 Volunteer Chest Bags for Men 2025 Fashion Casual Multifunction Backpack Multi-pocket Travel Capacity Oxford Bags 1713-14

----------------------------------------

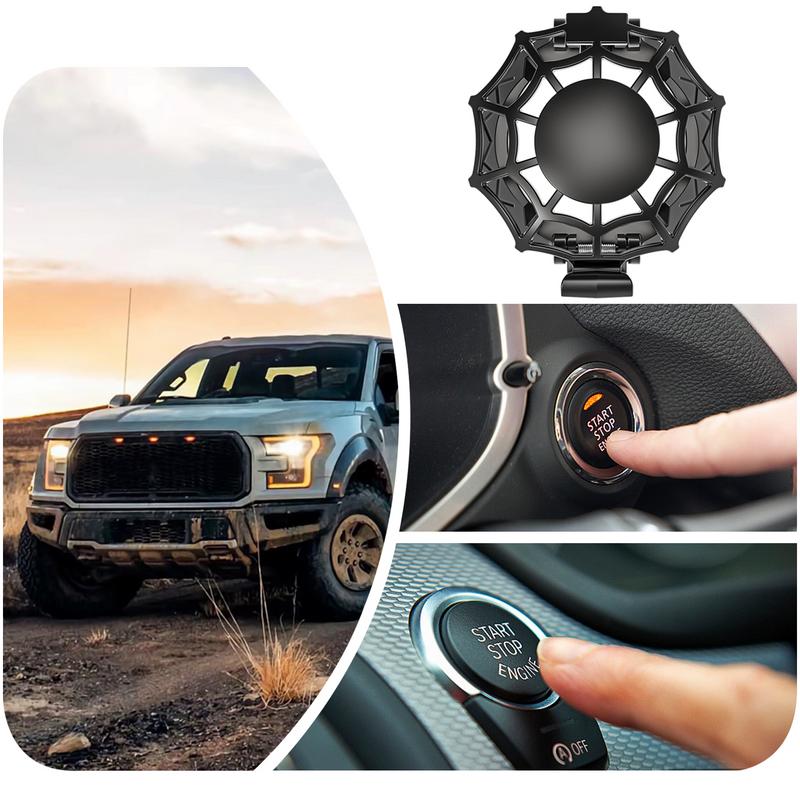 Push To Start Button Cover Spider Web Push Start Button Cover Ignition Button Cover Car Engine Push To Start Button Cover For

----------------------------------------

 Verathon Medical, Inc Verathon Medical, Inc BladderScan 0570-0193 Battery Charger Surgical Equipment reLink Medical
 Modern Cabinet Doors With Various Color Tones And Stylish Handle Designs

----------------------------------------

— What to do —
Both the line containing "Verathon Medical, Inc Verathon" and the line containing "Modern Cabinet Doors" belong in the answer. Print them and every line above that falls between them exactly, and no others.

— Output below —
 Verathon Medical, Inc Verathon Medical, Inc BladderScan 0570-0193 Battery Charger Surgical Equipment reLink Medical
 Modern Cabinet Doors With Various Color Tones And Stylish Handle Designs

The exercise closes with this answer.